As a web application directly
As we described earlier an installed plugin is actually a special form of an installed web application. Therefor it is of course possible to also use the plugin as web application, meaning: To access it directly via browser, work with it, store data in its content store. A plugin design striving for this usage case may just get programmed like any regular web application.
Some default plugins of OpenWGA have this usage type, like the OpenWGA content manager and the OpenWGA admin client.
Some configuration options in design configuration that may be set for that usage case:
- On tab Plugin Configuration:
- Check Usage checkbox "Published WGA Content Store". Without it your plugin will not be accessible as browser.
- Optionally choose an "Authentication source" for your plugin, if you want the browser users to login to your plugin application
- Optionally choose the "Personalisation mode" for the plugin application if you use personalisation/portlet functionalities
- You may also specify a "Plugin homepage", which is any partial URL to the plugin application, beginning after the database key part. If that is set then the plugin title in OpenWGA admin client, menu "Plugins / Plugin Management" will be a link leading to that URL.
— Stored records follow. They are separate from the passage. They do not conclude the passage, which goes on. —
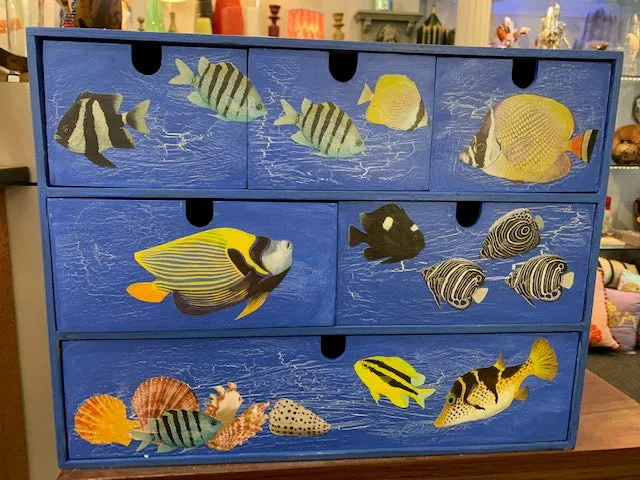 Wooden Box
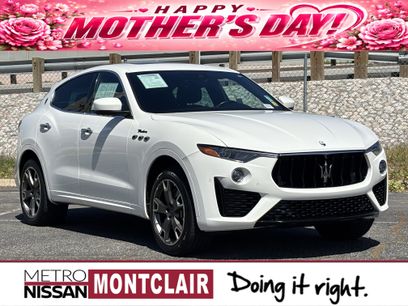 Used 2023 Maserati Levante Modena
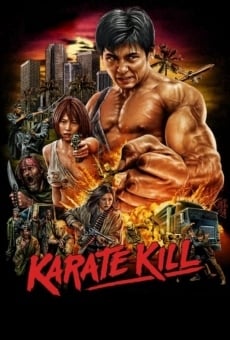 Película: Karate Kill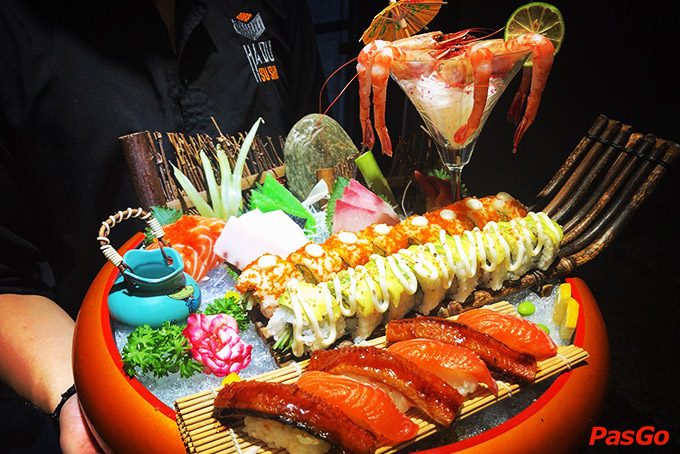 Hadu.Sushi - Xã Đàn    -1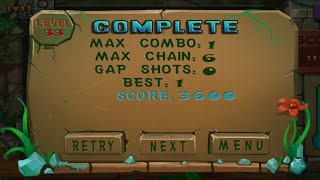 marble legend game ll level#33 complete ll#mixplate #marbllegend screenshot 4
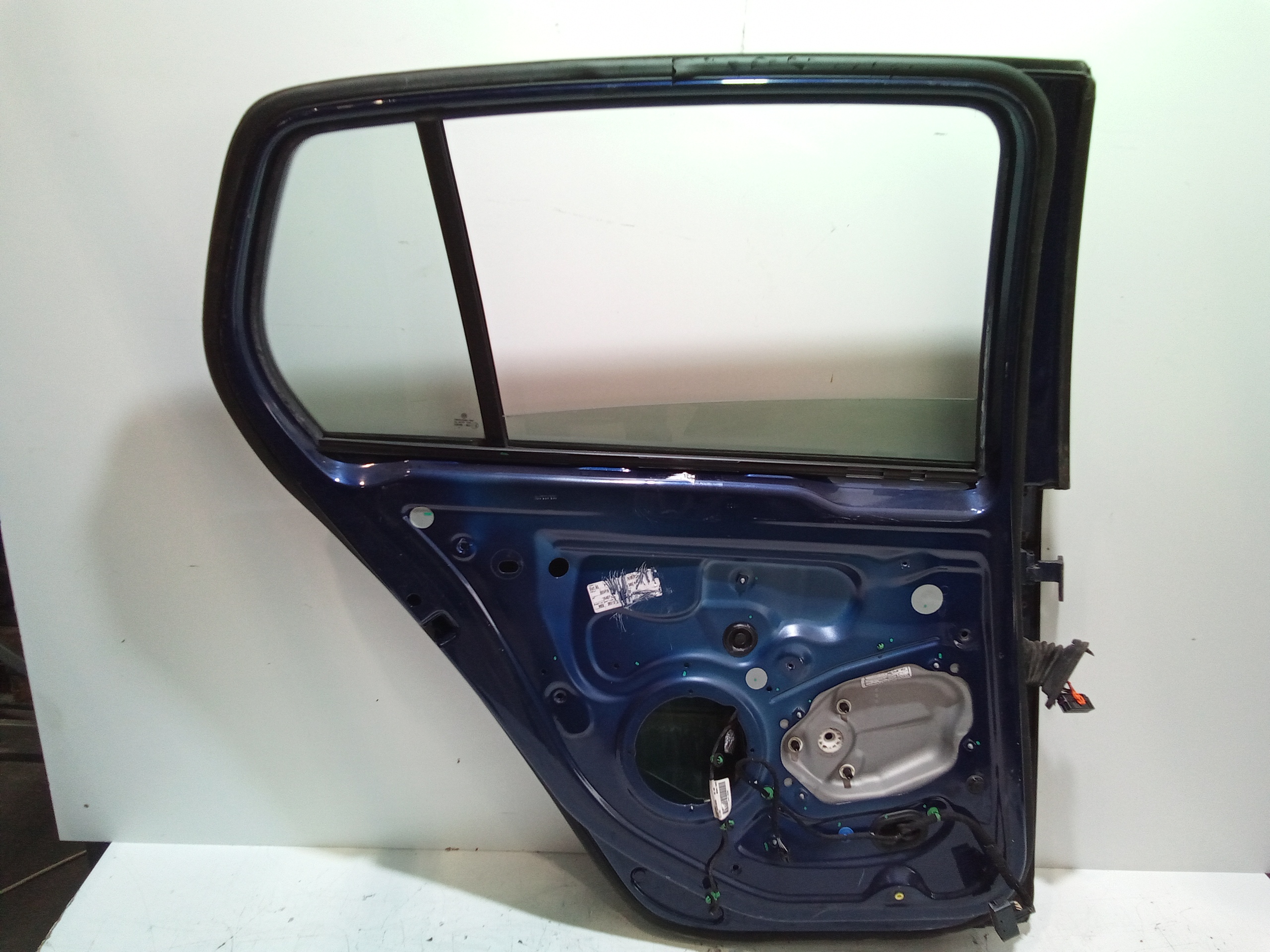 Portiera Posteriore Sinistra per Volkswagen Golf 5 Berlina (03>08) (2003 - 2008)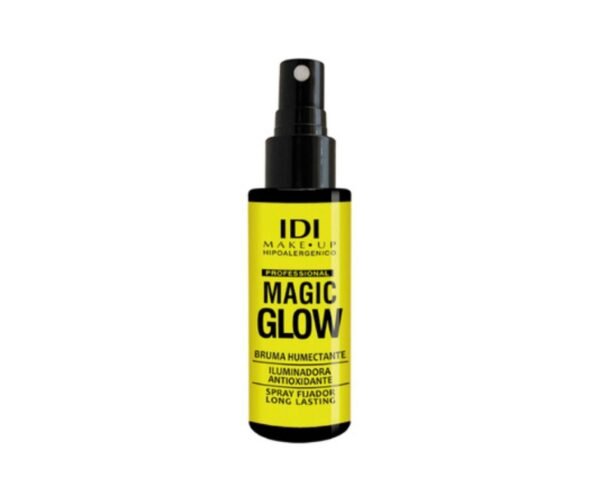 Bruma Humectante Magic Glow - Idi Make Up
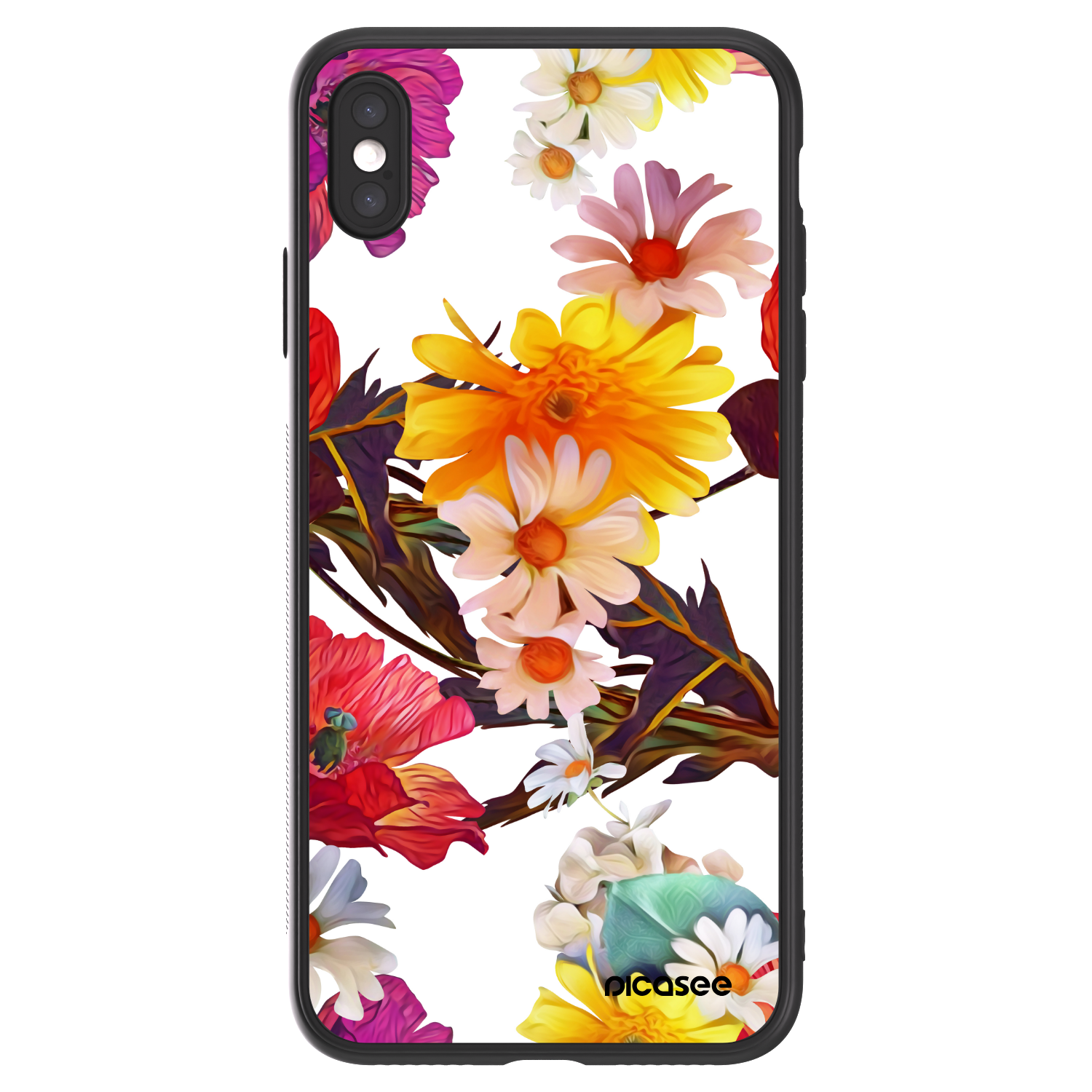 Picasee ULTIMATE CASE pentru Apple iPhone XS Max - Meadow
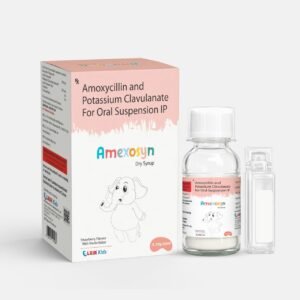 AMEXOSYN  Dry Syrup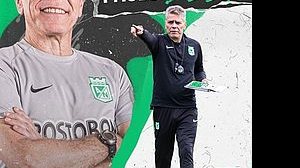 Divulgação / Atlético Nacional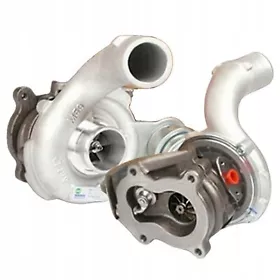 TURBO TURBOLADER MELETT RENAULT LAGUNA MASTER TRAFIC 1.9 DCI 101 102 KM 717345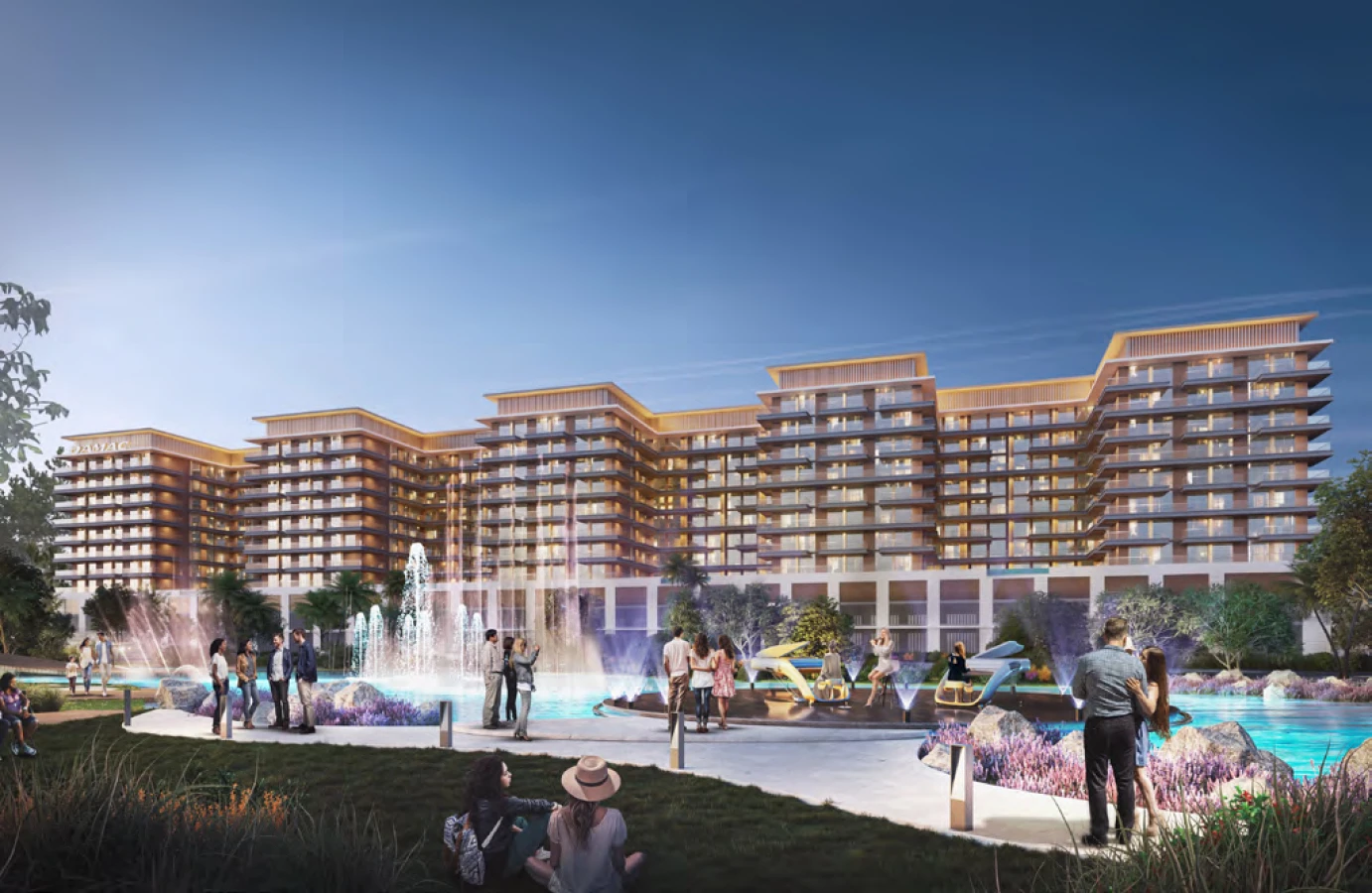Damac Riverside Azure 2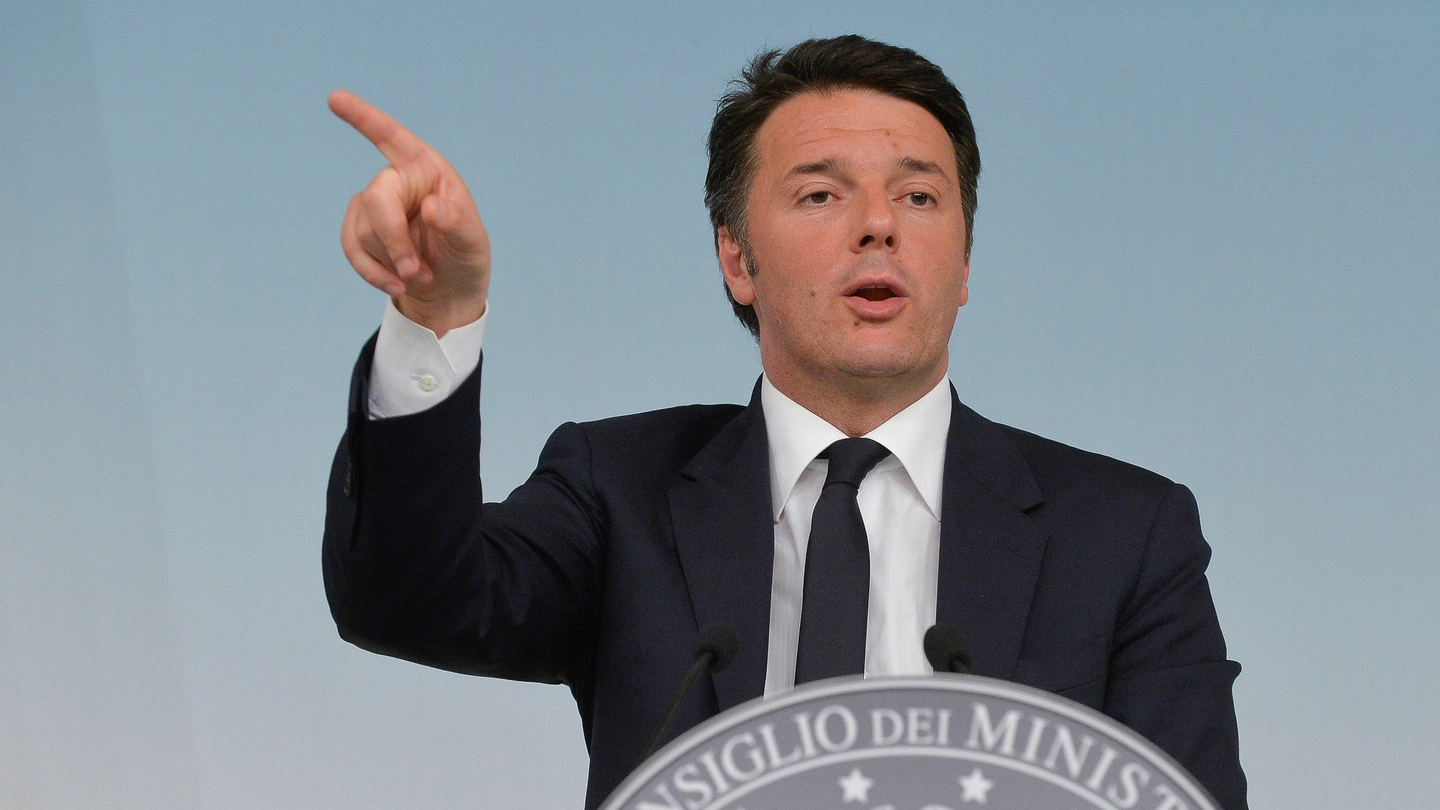 Matteo Renzi: ok al piano del Cipe per cultura e ricerca (Imagoeconomica)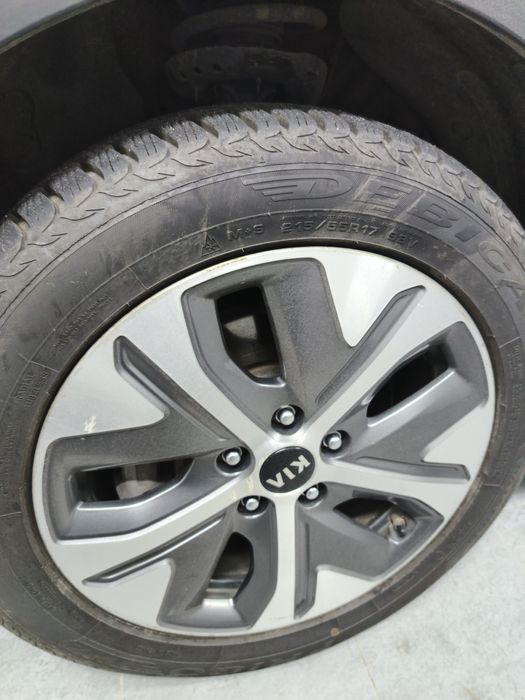 Kia Niro EV 2021  64 кВт 204 к.с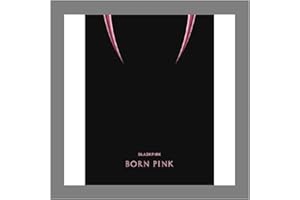 DREAMUS BLACKPINK BORN PINK 2nd Album BOX SET Versión CD+Poster+Photobook+Papel de Letras de Acordeón+Tarjeta Fotográfica Grande+Postal+Película Instantánea+Tarjeta Fotográfica Selfie+Seguimiento (Versión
- On tab Design Configuration
- Check if you need to set "Default access level" and/or "Anonymous access level" for your users to be able to actually access the plugin app without modifying its ACL
- Generally check all other settings which make sense for your web application, as all of them may apply.
Do not confuse this usage type with the usage as a design provider, described in the next chapter. The difference is, that a design provider gives its design to "real" OpenWGA web applications while in this usage case here the plugin itself is the web application.
As design provider for web applications
Plugins can be used just like regular design directories to provide a design for any OpenWGA web application. These plugins are called "design providers". If you have any design directory which you use as design for an OpenWGA web application you can also distribute it as design provider plugin, just by creating a plugin configuration in its design configuration, exporting it as plugin file and installing it on those servers that are about to use it.
When creating a new web application in OpenWGA admin client you use a design provider plugin by specifying "Plugin" as design source. Then a list of all installed plugins that are marked as being design providers is shown, from which one can be selected:
All predefined application designs for OpenWGA, like wiki, blog or the Basic Website Kit are distributed as design provider plugins. This is the preferred way to distribute OpenWGA designs for a larger audience.
What happens when an application inherits its design from a plugin is not that different from using a design directory. Plugin distributions are actually regular OpenWGA designs, just in a different form. Using a plugin for an application design is the same as using the design directory, from which the plugin was built, directly.
Settings in design configuration to observe when creating a design provider plugin:
- On Tab "Plugin Configuration"
- Under "Usage" check the checkbox "Design Provider"
- In most cases you also want to check "Do not execute init/connect functionalities on plugin itself", so the installed plugin app itself does execute what actually is meant for the design consumer. This only makes sense if you want some kind of "mixed usage", like described below.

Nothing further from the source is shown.